(Source data):

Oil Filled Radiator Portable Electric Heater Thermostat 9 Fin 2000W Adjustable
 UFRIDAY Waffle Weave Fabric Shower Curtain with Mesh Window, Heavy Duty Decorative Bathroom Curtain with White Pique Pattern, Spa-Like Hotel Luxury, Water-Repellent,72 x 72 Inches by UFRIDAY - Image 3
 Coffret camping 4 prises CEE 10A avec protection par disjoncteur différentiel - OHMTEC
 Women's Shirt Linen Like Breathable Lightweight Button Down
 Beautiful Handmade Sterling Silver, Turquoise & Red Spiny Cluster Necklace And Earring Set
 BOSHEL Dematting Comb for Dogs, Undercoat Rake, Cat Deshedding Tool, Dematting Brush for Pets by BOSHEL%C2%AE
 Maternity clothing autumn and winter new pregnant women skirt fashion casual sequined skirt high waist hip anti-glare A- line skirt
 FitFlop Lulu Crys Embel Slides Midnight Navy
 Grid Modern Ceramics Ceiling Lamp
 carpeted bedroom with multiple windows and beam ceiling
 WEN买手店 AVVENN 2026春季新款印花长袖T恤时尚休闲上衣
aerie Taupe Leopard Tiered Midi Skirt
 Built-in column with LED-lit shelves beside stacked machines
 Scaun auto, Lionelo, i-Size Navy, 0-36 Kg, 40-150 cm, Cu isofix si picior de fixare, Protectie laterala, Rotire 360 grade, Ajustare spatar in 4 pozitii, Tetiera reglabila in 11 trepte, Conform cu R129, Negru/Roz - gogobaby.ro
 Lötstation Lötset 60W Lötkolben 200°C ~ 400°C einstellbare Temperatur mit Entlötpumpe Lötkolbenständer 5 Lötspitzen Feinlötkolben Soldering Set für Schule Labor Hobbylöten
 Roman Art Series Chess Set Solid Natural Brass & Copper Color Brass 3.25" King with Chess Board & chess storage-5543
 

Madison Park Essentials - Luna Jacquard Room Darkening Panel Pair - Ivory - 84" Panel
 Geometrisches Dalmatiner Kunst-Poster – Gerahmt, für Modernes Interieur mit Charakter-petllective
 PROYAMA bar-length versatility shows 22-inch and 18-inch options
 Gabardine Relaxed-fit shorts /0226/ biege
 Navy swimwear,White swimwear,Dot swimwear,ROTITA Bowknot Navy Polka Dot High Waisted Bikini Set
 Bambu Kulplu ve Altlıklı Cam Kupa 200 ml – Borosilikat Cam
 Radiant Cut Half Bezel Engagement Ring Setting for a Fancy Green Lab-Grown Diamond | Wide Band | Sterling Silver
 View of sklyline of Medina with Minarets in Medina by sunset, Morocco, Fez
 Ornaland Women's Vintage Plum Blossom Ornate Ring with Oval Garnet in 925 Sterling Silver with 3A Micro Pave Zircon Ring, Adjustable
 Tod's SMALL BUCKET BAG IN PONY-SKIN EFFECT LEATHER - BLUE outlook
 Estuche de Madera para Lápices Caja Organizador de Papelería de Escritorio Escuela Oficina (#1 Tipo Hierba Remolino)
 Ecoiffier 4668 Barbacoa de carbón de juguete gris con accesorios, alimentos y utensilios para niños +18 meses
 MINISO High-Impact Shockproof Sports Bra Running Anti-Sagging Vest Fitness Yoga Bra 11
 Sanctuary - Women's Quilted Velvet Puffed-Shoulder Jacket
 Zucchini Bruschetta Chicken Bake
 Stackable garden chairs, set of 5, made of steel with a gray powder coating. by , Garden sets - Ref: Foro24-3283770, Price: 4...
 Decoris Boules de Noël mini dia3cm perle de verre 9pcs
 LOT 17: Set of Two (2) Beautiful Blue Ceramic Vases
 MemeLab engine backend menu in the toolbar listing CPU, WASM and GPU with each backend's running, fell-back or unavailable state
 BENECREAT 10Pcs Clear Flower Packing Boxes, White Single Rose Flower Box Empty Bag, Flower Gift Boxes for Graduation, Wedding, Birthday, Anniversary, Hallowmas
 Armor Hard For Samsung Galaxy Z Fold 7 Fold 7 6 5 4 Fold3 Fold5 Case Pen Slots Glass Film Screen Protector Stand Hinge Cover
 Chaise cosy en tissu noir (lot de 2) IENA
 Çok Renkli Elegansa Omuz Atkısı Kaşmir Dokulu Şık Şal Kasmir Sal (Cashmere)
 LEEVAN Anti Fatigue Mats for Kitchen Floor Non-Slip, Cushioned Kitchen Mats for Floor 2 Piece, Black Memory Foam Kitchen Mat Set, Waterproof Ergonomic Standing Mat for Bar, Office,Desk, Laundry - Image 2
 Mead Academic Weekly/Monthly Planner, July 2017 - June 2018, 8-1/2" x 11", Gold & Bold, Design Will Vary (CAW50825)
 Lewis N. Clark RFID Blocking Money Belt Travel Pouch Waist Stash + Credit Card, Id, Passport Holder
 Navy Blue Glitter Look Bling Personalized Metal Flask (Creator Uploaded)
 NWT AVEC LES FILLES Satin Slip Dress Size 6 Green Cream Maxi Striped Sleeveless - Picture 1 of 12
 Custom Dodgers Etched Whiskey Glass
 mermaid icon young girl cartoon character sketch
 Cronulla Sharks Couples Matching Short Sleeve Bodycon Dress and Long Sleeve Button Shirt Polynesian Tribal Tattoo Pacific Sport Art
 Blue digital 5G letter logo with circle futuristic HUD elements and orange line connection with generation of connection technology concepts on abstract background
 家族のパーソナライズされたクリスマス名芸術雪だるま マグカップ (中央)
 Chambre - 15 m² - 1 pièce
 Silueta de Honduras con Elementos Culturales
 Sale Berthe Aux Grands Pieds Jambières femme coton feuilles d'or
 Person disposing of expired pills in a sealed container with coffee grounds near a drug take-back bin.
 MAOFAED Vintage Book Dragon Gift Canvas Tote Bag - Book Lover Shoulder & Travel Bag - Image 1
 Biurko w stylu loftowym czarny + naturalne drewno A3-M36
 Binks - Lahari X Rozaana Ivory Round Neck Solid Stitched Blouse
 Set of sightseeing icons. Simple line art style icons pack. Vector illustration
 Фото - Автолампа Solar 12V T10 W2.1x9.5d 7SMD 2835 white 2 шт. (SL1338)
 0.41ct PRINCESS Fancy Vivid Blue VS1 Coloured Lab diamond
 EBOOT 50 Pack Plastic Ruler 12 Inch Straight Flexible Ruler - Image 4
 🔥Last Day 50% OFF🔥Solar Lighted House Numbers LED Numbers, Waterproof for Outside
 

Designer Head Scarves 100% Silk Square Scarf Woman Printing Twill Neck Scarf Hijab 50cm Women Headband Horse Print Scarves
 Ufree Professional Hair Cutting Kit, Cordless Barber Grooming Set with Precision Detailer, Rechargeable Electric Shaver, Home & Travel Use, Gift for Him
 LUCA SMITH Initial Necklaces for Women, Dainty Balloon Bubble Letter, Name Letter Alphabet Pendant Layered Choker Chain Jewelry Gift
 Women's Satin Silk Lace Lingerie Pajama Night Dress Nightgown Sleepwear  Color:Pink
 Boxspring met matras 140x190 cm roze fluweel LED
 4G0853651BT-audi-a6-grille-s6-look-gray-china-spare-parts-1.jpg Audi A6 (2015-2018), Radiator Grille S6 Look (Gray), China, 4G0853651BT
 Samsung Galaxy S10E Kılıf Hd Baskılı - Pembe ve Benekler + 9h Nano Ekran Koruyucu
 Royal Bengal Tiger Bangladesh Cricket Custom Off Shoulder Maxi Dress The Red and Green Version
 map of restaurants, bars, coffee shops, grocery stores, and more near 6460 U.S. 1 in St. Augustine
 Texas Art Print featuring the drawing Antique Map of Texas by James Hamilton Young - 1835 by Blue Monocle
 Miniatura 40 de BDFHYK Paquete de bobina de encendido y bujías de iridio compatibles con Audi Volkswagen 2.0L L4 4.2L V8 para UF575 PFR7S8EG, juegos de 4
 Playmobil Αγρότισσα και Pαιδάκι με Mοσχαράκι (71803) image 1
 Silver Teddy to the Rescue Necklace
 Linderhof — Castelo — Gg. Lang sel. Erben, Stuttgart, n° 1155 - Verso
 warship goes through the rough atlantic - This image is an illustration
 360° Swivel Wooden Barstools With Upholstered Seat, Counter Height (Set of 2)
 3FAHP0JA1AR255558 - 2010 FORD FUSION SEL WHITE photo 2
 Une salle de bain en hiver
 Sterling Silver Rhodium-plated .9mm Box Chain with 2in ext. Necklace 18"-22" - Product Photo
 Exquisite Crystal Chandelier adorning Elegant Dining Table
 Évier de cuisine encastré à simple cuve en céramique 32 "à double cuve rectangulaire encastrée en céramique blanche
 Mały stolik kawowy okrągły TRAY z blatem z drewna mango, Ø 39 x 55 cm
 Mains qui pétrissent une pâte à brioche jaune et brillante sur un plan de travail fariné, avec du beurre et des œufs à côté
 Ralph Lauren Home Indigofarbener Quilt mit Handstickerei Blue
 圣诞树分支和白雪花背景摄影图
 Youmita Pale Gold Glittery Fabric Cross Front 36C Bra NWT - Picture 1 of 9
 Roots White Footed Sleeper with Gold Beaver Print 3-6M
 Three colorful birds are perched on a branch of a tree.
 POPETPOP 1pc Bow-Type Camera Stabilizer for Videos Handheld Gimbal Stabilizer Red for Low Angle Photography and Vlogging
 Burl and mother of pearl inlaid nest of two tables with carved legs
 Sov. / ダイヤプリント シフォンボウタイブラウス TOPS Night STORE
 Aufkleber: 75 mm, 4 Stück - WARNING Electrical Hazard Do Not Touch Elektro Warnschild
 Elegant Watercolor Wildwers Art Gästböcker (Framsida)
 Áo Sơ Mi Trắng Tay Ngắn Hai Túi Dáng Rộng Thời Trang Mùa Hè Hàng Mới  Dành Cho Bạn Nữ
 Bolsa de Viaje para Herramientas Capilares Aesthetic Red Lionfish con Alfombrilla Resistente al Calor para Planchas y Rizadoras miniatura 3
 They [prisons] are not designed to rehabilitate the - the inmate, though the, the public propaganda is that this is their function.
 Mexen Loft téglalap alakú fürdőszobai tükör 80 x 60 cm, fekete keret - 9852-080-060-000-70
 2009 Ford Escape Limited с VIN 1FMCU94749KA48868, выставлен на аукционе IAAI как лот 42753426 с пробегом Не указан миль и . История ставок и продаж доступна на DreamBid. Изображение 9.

(GOAL OF THE EXERCISE):
An exact copy of the lines above between the line holding "PROYAMA bar-length versatility" and the line holding "LEEVAN Anti Fatigue", inclusive, is the whole answer.

(RESPONSE):
 PROYAMA bar-length versatility shows 22-inch and 18-inch options
 Gabardine Relaxed-fit shorts /0226/ biege
 Navy swimwear,White swimwear,Dot swimwear,ROTITA Bowknot Navy Polka Dot High Waisted Bikini Set
 Bambu Kulplu ve Altlıklı Cam Kupa 200 ml – Borosilikat Cam
 Radiant Cut Half Bezel Engagement Ring Setting for a Fancy Green Lab-Grown Diamond | Wide Band | Sterling Silver
 View of sklyline of Medina with Minarets in Medina by sunset, Morocco, Fez
 Ornaland Women's Vintage Plum Blossom Ornate Ring with Oval Garnet in 925 Sterling Silver with 3A Micro Pave Zircon Ring, Adjustable
 Tod's SMALL BUCKET BAG IN PONY-SKIN EFFECT LEATHER - BLUE outlook
 Estuche de Madera para Lápices Caja Organizador de Papelería de Escritorio Escuela Oficina (#1 Tipo Hierba Remolino)
 Ecoiffier 4668 Barbacoa de carbón de juguete gris con accesorios, alimentos y utensilios para niños +18 meses
 MINISO High-Impact Shockproof Sports Bra Running Anti-Sagging Vest Fitness Yoga Bra 11
 Sanctuary - Women's Quilted Velvet Puffed-Shoulder Jacket
 Zucchini Bruschetta Chicken Bake
 Stackable garden chairs, set of 5, made of steel with a gray powder coating. by , Garden sets - Ref: Foro24-3283770, Price: 4...
 Decoris Boules de Noël mini dia3cm perle de verre 9pcs
 LOT 17: Set of Two (2) Beautiful Blue Ceramic Vases
 MemeLab engine backend menu in the toolbar listing CPU, WASM and GPU with each backend's running, fell-back or unavailable state
 BENECREAT 10Pcs Clear Flower Packing Boxes, White Single Rose Flower Box Empty Bag, Flower Gift Boxes for Graduation, Wedding, Birthday, Anniversary, Hallowmas
 Armor Hard For Samsung Galaxy Z Fold 7 Fold 7 6 5 4 Fold3 Fold5 Case Pen Slots Glass Film Screen Protector Stand Hinge Cover
 Chaise cosy en tissu noir (lot de 2) IENA
 Çok Renkli Elegansa Omuz Atkısı Kaşmir Dokulu Şık Şal Kasmir Sal (Cashmere)
 LEEVAN Anti Fatigue Mats for Kitchen Floor Non-Slip, Cushioned Kitchen Mats for Floor 2 Piece, Black Memory Foam Kitchen Mat Set, Waterproof Ergonomic Standing Mat for Bar, Office,Desk, Laundry - Image 2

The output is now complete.